What you have to do | Could every line below be transcribed exactly, with the pictures dropped?

Supplied material |
- - - - -

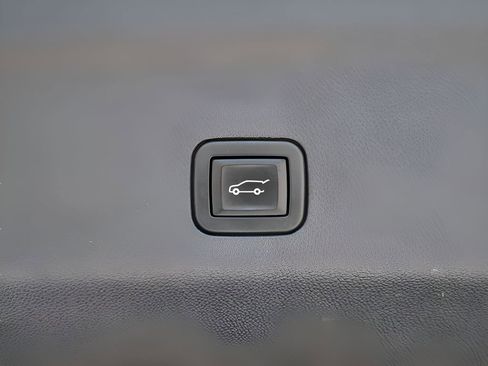 Used 2021 Chevrolet Tahoe Premier w/ Premium Package AWD/4WD image 17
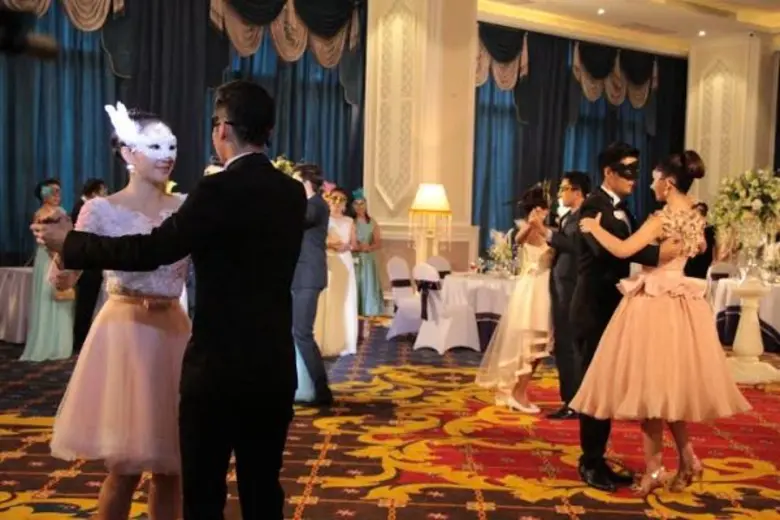 “มังกร-จีน่า-มาร์ค-ฟ้าใส” โชว์สเต็ปพริ้วงานเต้นรำ สุดอลังการ!!!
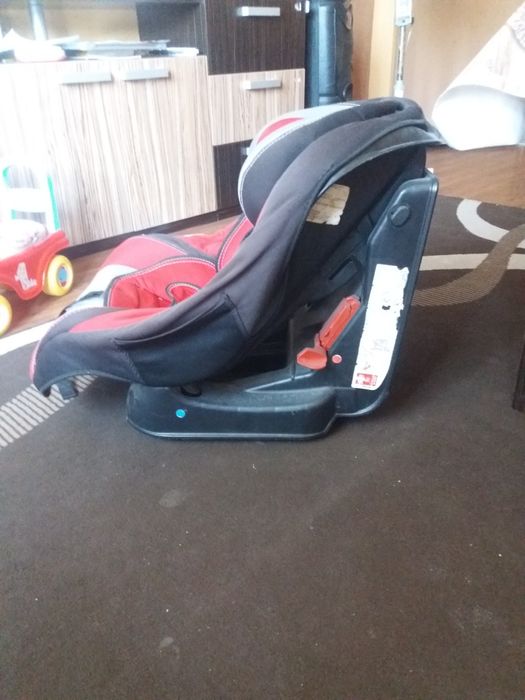 Продавам Детско столче .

- - - - -

Result of the task |
 Used 2021 Chevrolet Tahoe Premier w/ Premium Package AWD/4WD image 17
 “มังกร-จีน่า-มาร์ค-ฟ้าใส” โชว์สเต็ปพริ้วงานเต้นรำ สุดอลังการ!!!
 Продавам Детско столче .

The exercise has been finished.